Work request. The needed output is the run of lines below from the one containing "水晶宫冬季转会窗重金引进布莱克本中场亚当沃顿加强中场实力" through the one containing "One Day Lovejoy Lyrics Eng Esp Youtube", copied exactly and free of pictures.

Available data.
_ _ _

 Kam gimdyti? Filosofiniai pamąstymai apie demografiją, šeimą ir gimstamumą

_ _ _

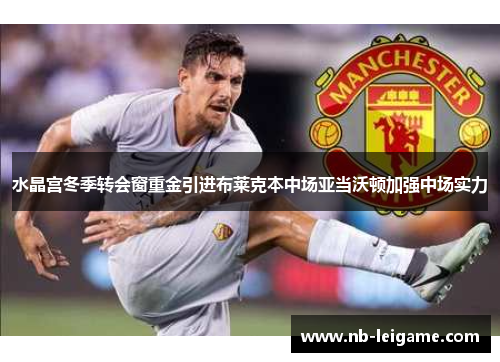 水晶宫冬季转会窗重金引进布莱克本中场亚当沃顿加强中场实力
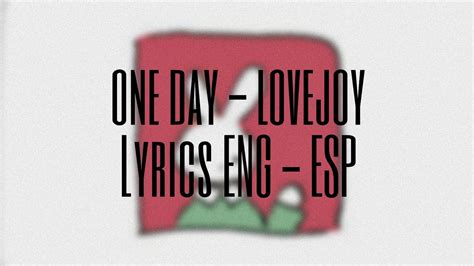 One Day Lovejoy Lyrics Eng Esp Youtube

_ _ _

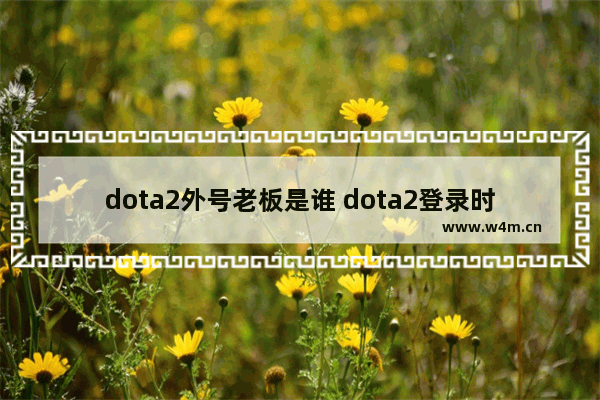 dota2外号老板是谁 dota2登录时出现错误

_ _ _

Written answer.
 水晶宫冬季转会窗重金引进布莱克本中场亚当沃顿加强中场实力
 One Day Lovejoy Lyrics Eng Esp Youtube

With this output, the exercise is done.